Systems and methods may be useful when seeking to create a new song using a deceased person's singing voice. A particular vocalist may be deceased, retired, or unwilling or unable to sing or otherwise perform. Fans and other followers of the vocalist may desire new material from the artist or remakes of existing material. The present disclosure allows digital creation of new songs using a voice model for the vocalist such that the singing voice in the newly created song sufficiently resembles the singing voice of the vocalist. A typical listener would be unable to detect that the newly created song is a synthetic re-creation of the vocalist's voice, singing style, and vocal mannerisms.
The actual singing voice that is being recorded, analyzed, and converted into a voice model does not necessarily need to be that of a professional vocalist or well-known artist. A song or musical piece sung by any person can be analyzed and with voice model digitally stored as provided herein.
In an embodiment, the identity of a person who sung a particular song of interest to a user of the present disclosure need not be known. However, the person who sung the song may assert legal rights that the user of the present disclosure may need to respect.
Where appropriate, the system may compensate artists or their estates for usage of the artists' material. The artists may have copyright protection on some material. The present disclosure endeavors to respect legal rights and protection that persons or other legal entities may have on some material. In some cases, the system may secure permission from an artist, the artist's estate, and/or another entity before creating a voice model from the artist's material.
Turning to the figure,
System 100 comprises a voice model creation server 102 and a voice model creation application 104, referred to respectively hereafter for brevity as the server 102 and the application. System 100 also comprises a voice model and identifier database, voice models 108a-c, and identifiers 110a-c.

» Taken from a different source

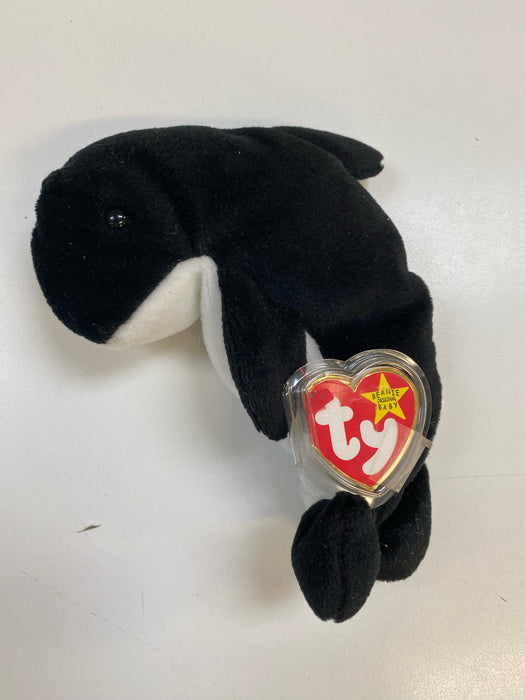 Plush TY Beanie Baby - Waves the Whale - Cardboard Memories Inc.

The server 102 may be at least one physical computer situation at one or more geographic locations. The application 104 executes at least on the server and provides much of the functionality provided herein. The application 104 may comprise numerous software modules and applications.
The application 104 analyzes live or recorded performances and creates voice models therefrom. The application 104 analyzes the many attributes listed above. The application 104 also processes, normalizes, identifies, and stores the captured attributes as a voice model 108a and provides an identifier 110a to the voice model 108a allowing the voice model 108a to be located.
Voice models 108a-c and their respective identifiers 110a-c are stored in the voice model and identifier database 106. While quantity three each of voice models 108a-c and identifiers 110a-c are provided by the system 100, in embodiments more than or less than quantity three of these components are provided.
Once a voice of a vocalist singing is recorded, it is fed to an artificial intelligence (AI) trainer. The identifier 110a is created which lists the attributes of the singing voice of the vocalist. A digital audio file in MP3 or WAV format is created which contains meta data or tags for the identifier 110a, the vocalist's name, the creator of the file, the date the file was created, the name of the song if known, the musical genre, for example rock, jazz, hip hop, or country, an image of the vocalist and any applicable copyright notices. The meta data or tags embedded into the digital audio file may provide for tracking use and legal protection for ownership of the digital audio file and associated voice model 108a.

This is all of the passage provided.